The woodlands are in parts of Missouri, Arkansas, and Oklahoma in the Ozark-Ouachita Mountain Complex. Roach returned to the same locations three years in a row to monitor the bird populations over time.
The findings show that the restored pine woodland created an open canopy and a lush ground layer, and was ideal for allowing a balance between species that prefer less tree density and canopy cover with those that prefer more.
Several birds researchers observed thriving in this habitat are in decline elsewhere, including the red-headed woodpecker and the prairie warbler. The restoration affected only five species negatively, but they remain abundant in the untreated forests that still dominate the Midwest.
Researchers also isolated two management practices—controlled fires and tree thinning—to determine their individual effects on bird abundance. Eight of the 16 species of birds, including the red-headed woodpecker, were more numerous in areas with a history of fires, while four species benefited from thinning.
All kinds of birds
Taken together, the results suggest that restoring pine woodlands in conjunction with prescribed fires and tree thinning can create suitable habitats for a wide range of birds, Thompson says.

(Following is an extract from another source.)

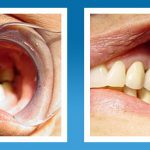 Những trở ngại khi cấy ghép implant
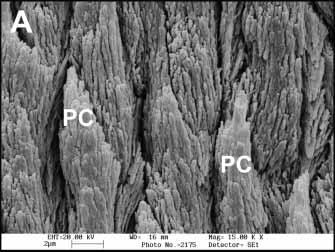 Fig 2a SEM micrograph of human enamel. PC = prism cores. Original magnification 15,000X. Fig 2b SEM micrograph of bovine enamel. PC = prism cores. Original magnification 15,000X. Fig 2c SEM micrograph of porcine enamel.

“Our study shows that restoration using fire and tree-thinning leaves large, widely-spaced trees for canopy-nesting species while allowing the development of grasses and shrubs for ground or shrub-nesting species,” he says.
“Given that we took care to survey birds with diverse breeding requirements, we can see that restored pine woodlands can support many different birds with different needs, whether they nest on the ground, in shrubs, or high in the canopies of mature trees. This is a powerful testament to the need to continue restoring these woodlands, which are also rich in plant diversity and likely more sustainable in many cases than closed forests under climate change.”
The study appears in Forest Ecology and Management. The US Department of Agriculture Forest Service Northern Research Station, Mark Twain National Forest, and Ouachita National Forest funded the work.